What is different between doc2vec models when the dbow_words is set to 1 or 0?


I read this page but I do not understand what is different between models which are built based on the following codes. I know when dbow_words is 0, training of doc-vectors is faster.

First model

model = doc2vec.Doc2Vec(documents1, size = 100, window = 300, min_count = 10, workers=4)

Second model

model = doc2vec.Doc2Vec(documents1, size = 100, window = 300, min_count = 10, workers=4,dbow_words=1)

Solution

  • The dbow_words parameter only has effect when training a DBOW model – that is, with the non-default dm=0 parameter.

    So, between your two example lines of code, which both leave the default dm=1 value unchanged, there's no difference.

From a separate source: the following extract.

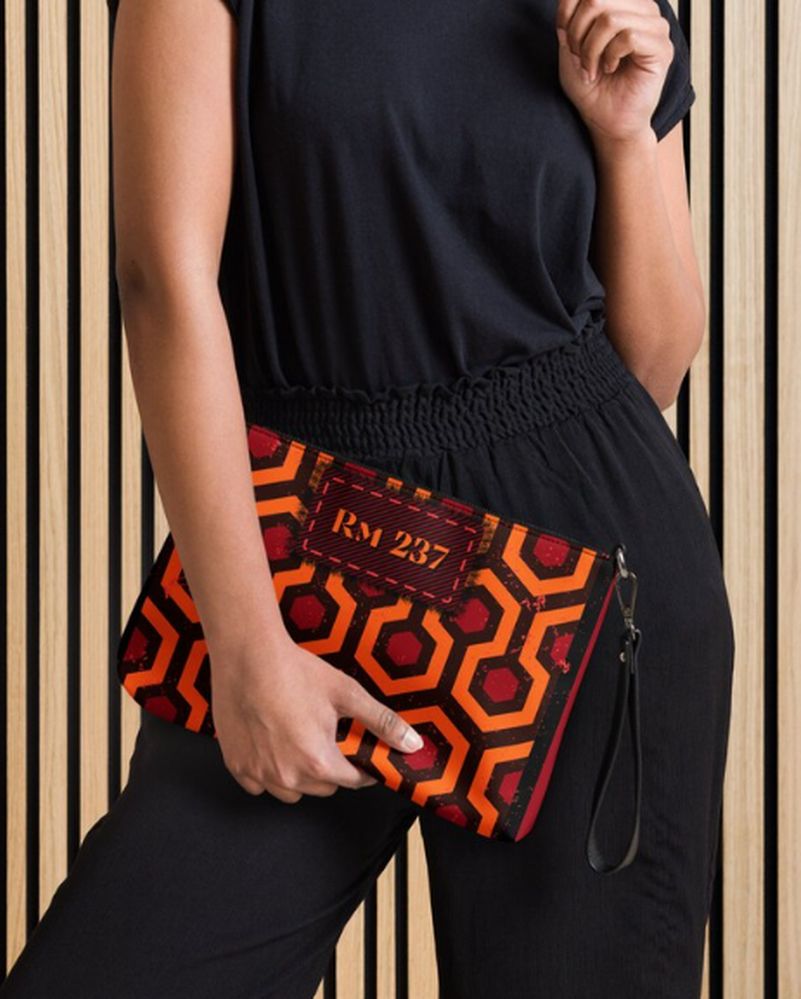 horror-purse-overlook-hotel-the-shining-pattern-hexagonal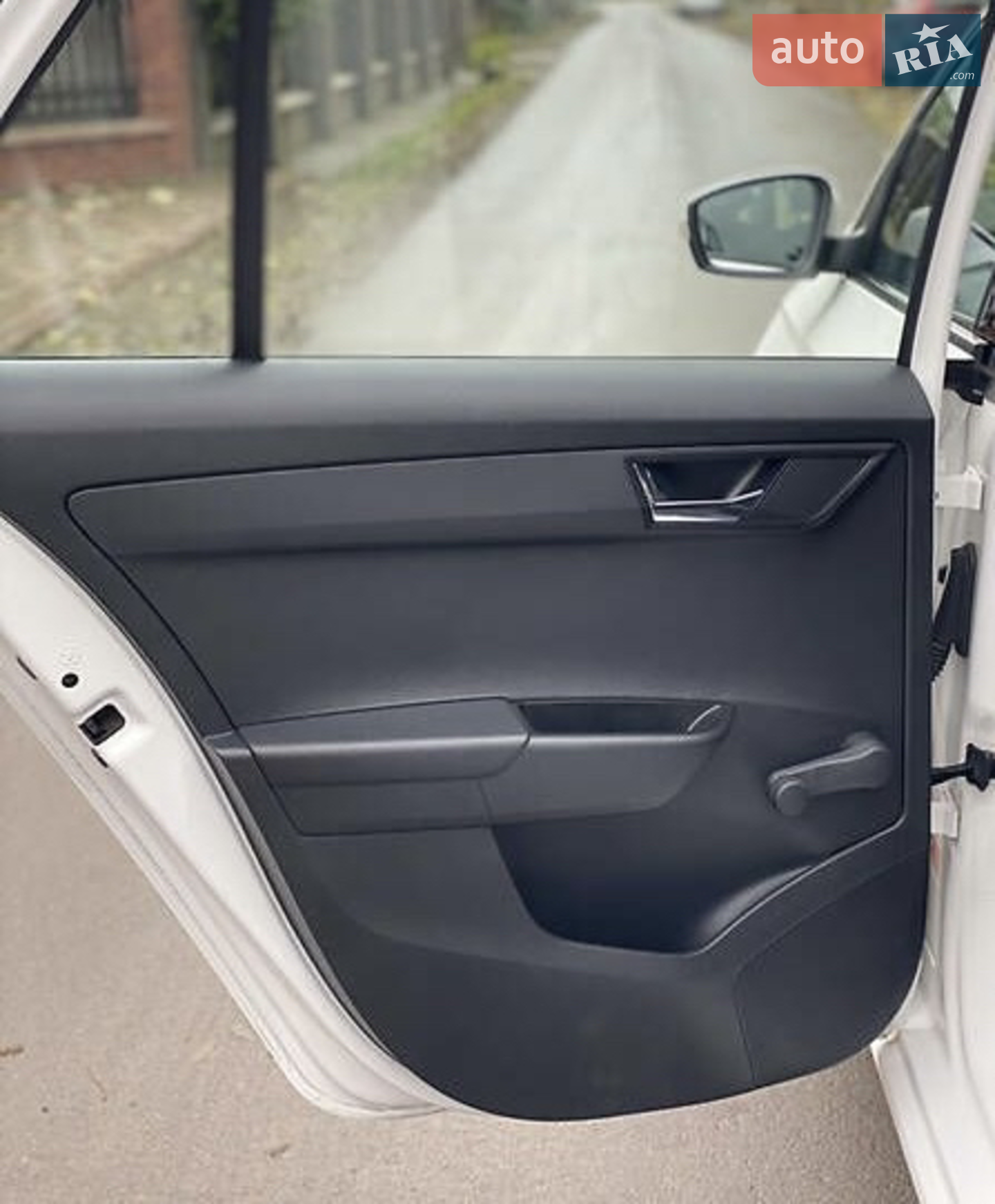 2016 Skoda Fabia - мініатюра 23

    If you instead switch to DBOW training, dm=0, then with a default dbow_words=0 setting, the model is pure PV-DBOW as described in the original 'Paragraph Vectors' paper. Doc-vectors are trained to be predictive of text example words, but no word-vectors are trained. (There'll still be some randomly-initialized word-vectors in the model, but they're not used or improved during training.) This mode is fast and still works pretty well.

    If you add the dbow_words=1 setting, then skip-gram word-vector training will be added to the training, in an interleaved fashion. (For each text example, both doc-vectors over the whole text, then word-vectors over each sliding context window, will be trained.) Since this adds more training examples, as a function of the window parameter, it will be significantly slower. (For example, with window=5, adding word-training will make training about 5x slower.)

    This has the benefit of placing both the DBOW doc-vectors and the word-vectors into the "same space" - perhaps making the doc-vectors more interpretable by their closeness to words.

    This mixed training might serve as a sort of corpus-expansion – turning each context-window into a mini-document – that helps improve the expressiveness of the resulting doc-vector embeddings. (Though, especially with sufficiently large and diverse document sets, it may be worth comparing against pure-DBOW with more passes.)